Tuttavia sarebbe fuorviante, e forse più tipico di quei “professionisti” stigmatizzati dal Bellini, supporre di avere la soluzione in tasca e di essere già a buon punto nell’unificazione degli interessi di tutti gli sfruttati, anzi tutt’altro!
Vivere i quartieri e le borgate vuol dire confrontarsi con gente, situazioni e socialità differenti da quelle abbastanza autoreferenziali che noi compagni siamo abituati a vivere nei nostri spazi ed essere ugualmente un punto di riferimento o comunque socialmente riconosciuto dalla comunità; vuol dire avere un confronto in cui a volte si parte con la pretesa di volere insegnare qualcosa e si finisce a essere noi stessi quelli ad aver appreso le lezioni più importanti senza approcciarsi con tabelle di marcia come se si fosse in una fabbrica dove bisogna ottenere obiettivi aziendali, vuol dire mettere in pratica tutte quelle formule scritte nei nostri manuali e declinarli alle imprevedibili (e per qualcuno ancora indecifrabili) dinamiche della strada, vuol dire sporcarsi le mani e sapersi rialzare anche quando si hanno delle rovinose cadute. Cadute che capitano a chiunque abbia provato a mettersi realmente in gioco e a rischiare, ma che non devono necessariamente voler dire la fine dei percorsi, perché essenzialmente vuol dire sperimentare e non fermarsi mai alla propria piccola oasi, ma cercare di mettere in confronto le esperienze metropolitane di varia natura e cercare un comune denominatore che sia da stimolo per migliorarci tutti e riuscire a ottenere quello scatto in avanti per cui dalla semplice, ma non scontata né tanto meno sottovalutata socialità, si riesca a passare a un livello successivo di mobilitazione, attraverso l’organizzazione e la partecipazione diretta alle proprie vite.

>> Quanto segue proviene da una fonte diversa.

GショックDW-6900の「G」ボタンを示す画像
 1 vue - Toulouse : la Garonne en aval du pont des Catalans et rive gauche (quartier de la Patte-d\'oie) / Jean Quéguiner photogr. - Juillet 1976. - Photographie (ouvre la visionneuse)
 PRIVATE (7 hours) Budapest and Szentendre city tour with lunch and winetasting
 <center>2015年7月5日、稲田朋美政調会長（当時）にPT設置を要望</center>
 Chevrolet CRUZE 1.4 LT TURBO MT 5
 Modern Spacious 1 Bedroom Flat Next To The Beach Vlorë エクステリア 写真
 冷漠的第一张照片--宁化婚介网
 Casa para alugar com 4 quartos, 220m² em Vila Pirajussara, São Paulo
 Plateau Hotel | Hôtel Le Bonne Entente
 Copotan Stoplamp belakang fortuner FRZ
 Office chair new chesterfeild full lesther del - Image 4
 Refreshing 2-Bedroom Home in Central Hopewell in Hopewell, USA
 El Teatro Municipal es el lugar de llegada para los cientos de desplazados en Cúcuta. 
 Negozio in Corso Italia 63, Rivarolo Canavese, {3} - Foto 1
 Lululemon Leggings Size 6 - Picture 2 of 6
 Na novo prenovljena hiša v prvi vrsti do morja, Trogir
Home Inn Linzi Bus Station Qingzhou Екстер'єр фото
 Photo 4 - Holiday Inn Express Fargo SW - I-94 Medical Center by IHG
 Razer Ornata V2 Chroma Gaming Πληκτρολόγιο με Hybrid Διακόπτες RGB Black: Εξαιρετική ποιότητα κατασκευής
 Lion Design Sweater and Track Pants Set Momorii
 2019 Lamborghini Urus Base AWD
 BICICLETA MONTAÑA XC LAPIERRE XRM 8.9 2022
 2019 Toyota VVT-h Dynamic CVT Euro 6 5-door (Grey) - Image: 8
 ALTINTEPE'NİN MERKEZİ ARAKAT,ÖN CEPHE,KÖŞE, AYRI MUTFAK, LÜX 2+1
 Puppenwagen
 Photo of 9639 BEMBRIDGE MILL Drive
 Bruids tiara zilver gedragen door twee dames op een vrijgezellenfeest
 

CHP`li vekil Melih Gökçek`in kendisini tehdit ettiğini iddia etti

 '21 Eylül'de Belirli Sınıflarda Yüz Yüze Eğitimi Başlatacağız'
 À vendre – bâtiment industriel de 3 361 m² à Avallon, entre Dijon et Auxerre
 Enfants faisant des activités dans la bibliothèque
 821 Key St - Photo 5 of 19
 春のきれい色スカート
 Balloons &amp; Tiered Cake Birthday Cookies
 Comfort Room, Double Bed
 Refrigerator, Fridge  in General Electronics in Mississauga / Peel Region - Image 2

Dalla somma di questi postulati, confrontando le differenti esperienze e le differenti resistenze in cui siamo impegnati nella quotidianità e attingendo a piene mani alle nostre radici culturali, a quell’underground che attraverso le sue molteplici forme ed espressione darà vita alle nostre rivendicazioni e sosterrà appunto la nostra resistenza che abbiamo deciso di dare vita a questo festival che, grazie alle sensibilità diverse che si sono coagulate intorno, potrà restituire un affresco della vita della teppa metropolitana del terzo millennio, del rapporto con i quartieri e con chi questi spazi li vive, delle importanti mediazioni della musica e dello sport vissuti dal basso e non come vacche da mungere in nome del business, dell’arte e di tutte le forme di produzione di saperi non convenzionali e di un immaginario coinvolgente in gradi di rivitalizzare un conflitto in crisi (e la cui gestione è demandata a chi non sa davvero cosa farci), che scardineranno quell’opprimente cappa normalizzante che tutti i giorni respiriamo a pieni polmoni per ridare voce ai giovani e a tutte quelle persone di cui nessuno si è preoccupato di garantirgli un futuro, ma che non hanno nessuna intenzione di sperare nella divina provvidenza, ma vogliono scrivere in prima persona il proprio destino.
Teppa – Festival delle resistenze metropolitane
20-21 Aprile 2017 Università La Sapienza, Roma
Saranno organizzati eventi di lancio anche nei mesi precedenti al Festival.